Tag Archives: dreaming

Every night when I lay my head down to rest I can’t seem to make my mind shut off. A billion thoughts roam threw my head a mile a minute. If something is troubling me I can’t seem to stop analyzing the situation or thinking of what shit I am going to be in the next morning. Lately I have been lucky and have gone to bed with no certain problem haunting my thoughts, but my mind still won’t simply shut off and let me drift to sleep. My mind soars from thought to thought, mostly about my boyfriend Tre and our times together. He seems to always be the center of my thoughts while I am trying to sleep. I see the way he smiles at me and the warmth in his eyes as he stares into mine. I always wish that he was laying beside me and I was in his arms.

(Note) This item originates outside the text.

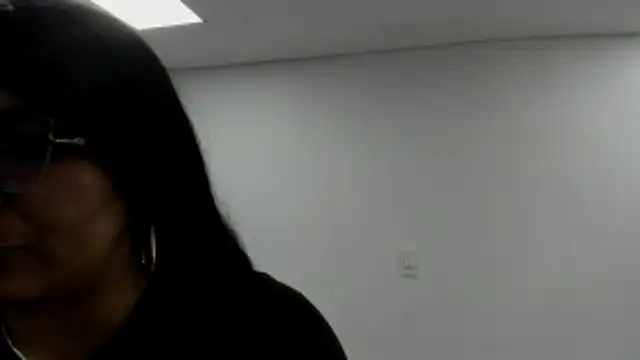 Luna Dumont online show from 26, 10, 2025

I think about when the next time we will see each other and the next time I can touch my lips to his. My mind races in between all of these thoughts and many more until I finally fall into the darkness of sleep. As I drift deeper into sleep I start to dream. This is when my fears are released and take over my head. Missing a babysitting session, Tre dumping me, or failing a huge test are the most common dreams I have. After hitting absolute rock bottom in my dreams I awake. The small pain of fear still tingles inside me. My body is hot from the stress and my joints have tightened. The fear still lingers inside me as my mind slowly slithers back to scanning all my thoughts. My wandering mind travels to every corner of my brain searching to end all my distress.